There are some great lines and observations in Spook Country, but for me the parts were greater than the whole. Gibson is a master at rendering the all pervasive but subliminal paranoia of our high-tech market society. But whereas in Pattern Recognition he was able to combine this with a sustained focus, this time it didn't quite work. Partly this is because the three-way narrative seems to dissipate rather than successfully hold the disparate parts together. Partly I think it's because the main characters seem just too passive or detached to generate sufficient narrative tension. Still, Gibson is better than most writers with his take on the science-fictionalised present, and there is no denying that the book has moments of aphoristic brilliance.
— Simon Cooper, The Book Show, February 5, 2010.

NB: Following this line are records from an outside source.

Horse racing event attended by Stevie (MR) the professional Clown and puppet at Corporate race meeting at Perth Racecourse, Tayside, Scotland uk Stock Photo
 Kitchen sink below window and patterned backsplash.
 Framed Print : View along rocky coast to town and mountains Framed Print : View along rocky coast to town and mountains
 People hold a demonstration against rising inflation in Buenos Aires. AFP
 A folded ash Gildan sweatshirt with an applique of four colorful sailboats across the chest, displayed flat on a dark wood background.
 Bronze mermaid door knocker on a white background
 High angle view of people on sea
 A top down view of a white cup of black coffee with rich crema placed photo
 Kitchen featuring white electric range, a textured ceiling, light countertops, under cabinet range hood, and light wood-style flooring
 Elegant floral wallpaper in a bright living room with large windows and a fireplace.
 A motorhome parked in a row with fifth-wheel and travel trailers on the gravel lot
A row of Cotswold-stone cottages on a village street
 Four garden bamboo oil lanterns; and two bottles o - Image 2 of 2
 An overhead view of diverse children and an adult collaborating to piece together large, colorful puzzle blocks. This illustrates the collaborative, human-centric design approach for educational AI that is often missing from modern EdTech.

In a review for The Providence Journal, Andy Smith remarked that the author was "a master of atmosphere, if not character" – a sentiment echoed by The Post and Couriers Dan Conover, who, although praising the novel's intelligence and contemporary relevance, felt that Gibson's underlying political pre-occupation and detached narration came at the expense of character development. Neil Drumming, of Entertainment Weekly, in awarding the novel a "B" rating concurred, complaining that the protagonists "often just feel like higher-tech automatons with useful features" whose actions are the product of manipulation by "external forces and cagey operatives" rather than conscious decisions. In The Daily Telegraph, Roger Perkins was more blunt, remarking that the "relentless pace and breathless dislocation" of the plot hid "character development that's as deep as dental veneer but equally shiny". Matt Thorne summed up the issue in opining that "The problem with a thriller which begins with a technology journalist talking to an experimental artist is that, no matter how exciting the events later become, it's hard to care."

===Conclusion===

Reviewers were divided as to the merits of the novel's ending. Andy Smith lamented that the finale of the "mostly intriguing" novel was "distinctly anticlimactic". Tim Martin wrote that it seemed "somehow less than the sum of its parts". Clay Evans dismissed it as "not especially meaningful, but fun", whereas Matt Thorne found it lacking "a traditional thriller's excitement". San Francisco Chronicle reviewer Michael Berry called it "an ingenious reversal" which proved that despite its apparent cynicism, the novel was "oddly optimistic for a ghost story". Overall, Thorne judged the novel ultimately unsatisfactory on account of the underwhelming ending and because Gibson "hides the full complications of the plot so successfully that it feels as if everything important is happening offstage". Roger Perkins judged the novel to be "a triumph of style over substance – which is exactly the way you suspect that Gibson wants it." His colleague Martin mused that along with the regular Gibsonian tropes, there was "something new ... a dark and very contemporary surge of suspicion and bad faith" in the novel which suggested that the author might be approaching the apex of his writing. Dan Conover concluded that while the "darkly comic satire" was "a worthy addition to the Gibson canon and a significant cultural artifact", it would not rank among the author's best works.